Тундра спустилась на эскалаторе в полупустой паркинг огромного московского молла, заполучив желанные очки-полароид с эмблемой в виде золотой взлохмаченной головы. Амазонка амазонкой, но у каждого свои слабости. К тому же, когда шикарное чудо от Версаче продают с такой сумасшедшей скидкой, женщина просто не имеет права пройти мимо! Еще кой-какие мелочи, о которых не рассказывают настоящие леди, лежали в карминовом пакете с атласной лентой. Отдых — это перемена занятий, так что после нескольких месяцев в пустыне среди камней и верблюдов можно себе позволить прошвырнуться по местам, олицетворяющим западную цивилизацию. А первое из них — магазин дамского белья — показатель градуса общественного сознания.

Белый «Фольксваген Жук» моргнул, признав свою временную хозяйку, и тихо зажужжал двигателем. Когда годами кочуешь по всему миру, нет смысла обзаводиться постоянным жилищем, тем паче, автомобилем. Одна морока со всякими страховками и ТО. Гораздо надежнее — счет в хорошем банке и безлимитная Visa.

Впрочем, с домом еще так-сяк. Иногда Тундра жалела, что у нее нет увитого виноградом коттеджа в Ницце или бунгало на побережье Ямайки — с пирсом и лодкой под белым парусом. Дом, милый дом… У всякой окружности должен быть где-то центр. Говорят, даже у Вселенной есть точка, равноудаленная от других (и что находится она в Суздале на улице Виноградова). Так что иной раз на Тундру накатывало, она со вздохом садилась за ноутбук и присматривала что-нибудь на RealEstate — скромное шале в Австрии, шедшее в полцены, или уютный домик в Нормандии… Но тут звонил (скажем) Андреа, и она спешно ехала (скажем) в Ватикан.

Дом домом, но собственное авто уж точно не для жизни перекати-поле, занятого культурным наследием человечества — пришлось бы иметь их сотню по всему миру. Так что, приезжая куда-нибудь, Тундра брала экипажи напрокат. В Африке — громыхающий пикап с лебедкой и ружьем под панелью, в Баварии — «Мерседес» купе, Москве был назначен «Фольксваген Жук», непременно белый, на фоне которого смуглая леди смотрелась черной жемчужиной на атласе.

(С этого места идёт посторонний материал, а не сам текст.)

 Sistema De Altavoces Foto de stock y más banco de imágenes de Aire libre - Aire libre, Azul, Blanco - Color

Сев за руль, она вспомнила вчерашний вечер и вздохнула, стараясь отделаться от дурного воспоминания. Несмотря на панику, устроенную этим тюленем в джинсах — Калядой или как его там, который, кажется, работал вместе с Ильей (Тундра не вдавалась в дела любовника, избегала его знакомых, к тому же не терпела тучных мужчин — Каляда казался ей грубой ошибкой эволюции), исчезновение домовладельца ее нимало не беспокоило. Жаль, конечно, что Ильи не оказалось на месте — они не виделись с полгода или чуть больше. Наверное, больше даже — в Иран она улетела, еще снег в Москве не лежал… Да, месяцев семь-восемь.

Ну нет, так нет! Скоро все равно уезжать. А, впрочем, жаль…

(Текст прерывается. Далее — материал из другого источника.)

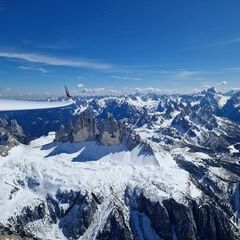 Flugwegposition um 12:57:49: Aufgenommen in der Nähe von Innichen, Autonome Provinz Bozen - Südtirol, Italien in 3318 Meter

В известном смысле Илья ее полностью устраивал. Отношения их уже давно перешагнули формальные, затем миновали дружеские, остановившись на эпизодическом любовном добрососедстве. К тому же у них всегда имелись темы для разговора. Начитанный Илья, занятый антиквариатом, нет-нет, да пересекался с какой-нибудь штуковиной, о которой было приятно потрепаться за бокалом вина. Масштаб, конечно, не «Кристис», но всякий мудрый человек рано или поздно понимает: радость жизни состоит в мелочах — улыбка, милая безделушка, книга по вкусу, купленная случайно.

Глубокой ночью, в час тайн и досужей жути, она рассказывала ему про страны, где побывала. О результатах раскопок. По самой ей неизвестной причине, он бы единственным мужчиной, которому она доверяла свои надежды и страхи. Он же ей рассказывал про старых арбатских чудаков и новости российской политики — у Ильи это всегда получалось смешно и тонко. Интересно было сравнивать, что об одном и том же говорили «у них» и «здесь». Разница поражала воображение. По всему судя, головы морочили и те, и другие, так что обоих стоило слушать, деля на три. Как во все времена, правда обитала лишь в маленьком мирке на двоих, где кипит чайник и уютно пахнет лосьоном.

Так пару недель в году Илья был для Тундры кем-то вроде милого московского мужа, с которым приятнее находиться вместе, чем порознь, но и последнее — не проблема, потому что ее вечно звала дорога. И вообще, по ее мнению, самое интересное в мироздании уже давно совершилось, теперь старый потертый мир жил лишь бесконечными повторениями, в которых не стоило увязать. Первооснова же всего лежала под равнинами Конго, в горах Ирана и прочих труднодоступных местах, куда ей следует навострить «вагабонды», чтобы от души покопаться в костях земли.

Занятие это, что греха таить, приносило и кое-какие деньги. Главное — правильно все обставить, сойтись с нужными людьми и отваливать процент местным бонзам. Музеи и аукционные дома имеют много дверей, кроме парадной. Особенно в последнее время ее радовали китайцы, готовые перекупать вдвое и втрое против Европы. Даже богатая старушка Америка пасовала перед нуворишами Поднебесной. Австралийское и Кипрское гражданство, пара латвийских банков, фонд, зарегистрированный в Ирландии… Она уже не помнила, когда последний раз платила налоги. Не с научных же грантов, в самом деле! Никому не позволено обирать до нитки женщину-ученую-феминистку со связями!

Часам к пяти, когда Тундра с модной добычей приехала на Мясницкую, в квартире стояла страшная духота. Кондиционер не справлялся с липким горячим воздухом, гоняя его по кругу как болотную жижу. Уж, казалось бы, в какой жаре она только не бывала, но эта, ядовитая городская жара, пахнущая бензином, была совершенно невыносима.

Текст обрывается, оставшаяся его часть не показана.